Friday, April 15, 2011

Beijing Trip: Forbidden City


I truly make an effort to be a culturally sensitive person.  I always try to be polite when dealing with things that are foreign to me, even when I dislike them. Daily instances: being shoved, being cut in line, having a huge loogey spit on the sidewalk right where you were about to walk. I try to make allowances.

I say this in the hope that you'll forgive me because I'm sure that what I'm about to say is very rude.

The source of my rudeness: Tomb Sweeping Holiday.  Catchy name, am I right?

The tradition is what really gets me though. You go and eat lunch, preferably picnic style, at [read:with] the graves of your ancestors. And then you clean them. You actually clean the tombs. That's the holiday.

Why this one thing sticks out to me as absurd when any number of not normal things have worked themselves into my new-normal routine is beyond my grasp right now, but I mention it because it brought us to Beijing. That's right, Tomb Sweeping Holiday is four day weekend. (I guess that's how long it takes to finish sweeping all the tombs?)

So I had a lot of firsts.

First time to take the train in China. 

Shiny

First time to show up at the wrong train station and have to run through the station to exchange/buy new tickets fifteen minutes before the train departed. If you are thinking, idiots, who shows up at the wrong train station? Didn't they check? I say to you: I always check! I just, this once, had a tiny, um, mishap brought about by the fact that I can't read Chinese characters.

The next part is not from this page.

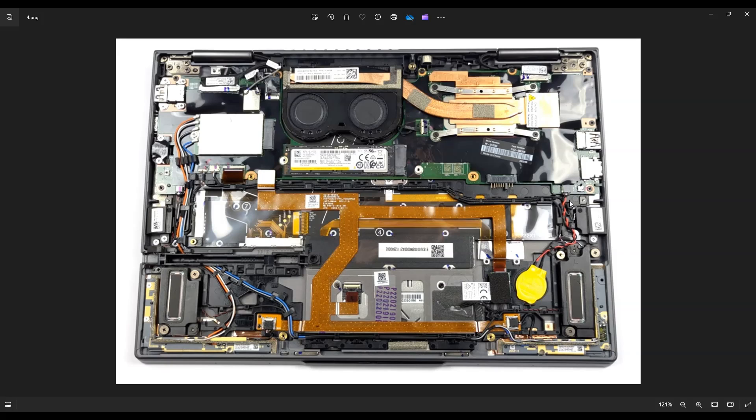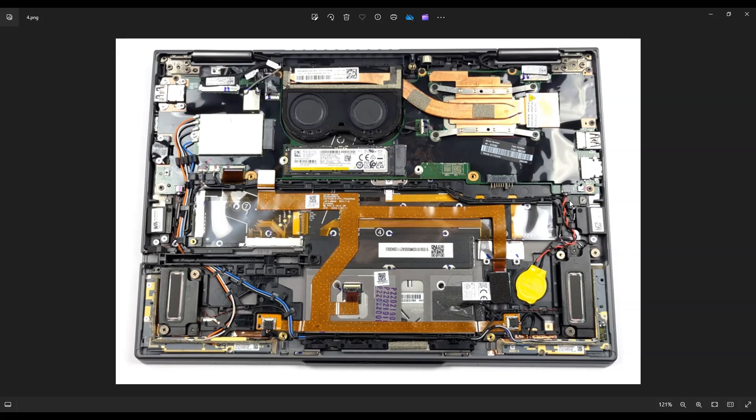So that's how you would get into the ThinkPad X1 Yoga Gen 7. That's how you would access your CMOS battery. I hope this was helpful. If you have any questions, check out the FAQs below in the description. It could save you some time getting an answer. If you do need to leave me a question or comment, I do try to get to those a couple times a day at least. So thank you so much for watching. I look forward to seeing you next time.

First time in the super nice sleeping cars! [=mistake rewarded]

There were built in TVs at the foot of each bed. We had the top bunks.

First time to visit the Forbidden City.

For Luck
Reflections

It was both bigger and smaller than I had anticipated.

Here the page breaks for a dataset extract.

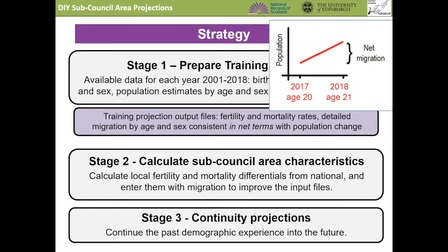In stage two, this local knowledge that has been learned is entered into new Excel files as assumptions for future years. This is not automatic, but there are examples and utilities that make the user's work straightforward. Stage three is the production of projections. These are called continuity projections because they continue what you've learned about the past experience of each area into the future. PopGroup makes the projection and produces results in Excel, provides an interface of charts and tables to examine them, and allows you to copy results to your own report.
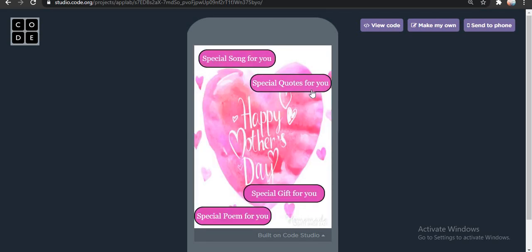Secondly, we have special quotes for you. So when our mother takes this application, they will see: special song for you, we have some pictures. Then they will say, 'Oh wow! My child has gifted me four different options and I will explore each of them.' So first is special song for you — we have already explored. Next is special quotes for you.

Bigger in the sense that everything was very spread out and thus occupied a vast amount of space as a whole. Smaller in the sense that it was less grand than I had pictured.

But it was still amazing.

This slight disappointment I own completely to the fact that I had been reading too much historical fiction about the Forbidden City in the height of it's glory in the months leading up to our visit (misplaced modifier-the reading was in the months before the visit, not the glory).

Ceramics
It would have been much cooler had it been full of emperors and concubines all shuffling about in their ostentatious silken outfits delicately plotting each others murders in the shadows of their immaculately kept rock gardens. I wanted to see the parade of a hundred dishes coming to the Empress' pavilion for her nightly dinner. I pictured it being like the "Be Our Guest" scene from Beauty and the Beast, only with the added benefit of being sinister and Chinese.


Tourists are considerably less interesting. Oh well, I have only myself to blame. Antiquity aside, it really was a lovely place to visit, and our geeky audioguides that we rented gave enough snipits of palace intrigue to keep me appeased.

These guys were everywhere. My audioguide probably told me about them, but I forgot.
We spent a few hours visiting all the palaces inside before heading across the street to visit Tienanmen Square.  Since Mao wasn't accepting visitors in the afternoon we just snapped a few pictures and left to go and meet our delightful hosts, the Jacksons and go out for a fabulous dinner of Peking Duck.


Our volunteer photographer insisted on crouching down on his knees to get the maximum possible up angle that the Chinese love for pictures and Americans hate because of the inevitable "fat face." After the overnight train ride and no small number of hours sightseeing around the city, we weren't in a frame of mind to care.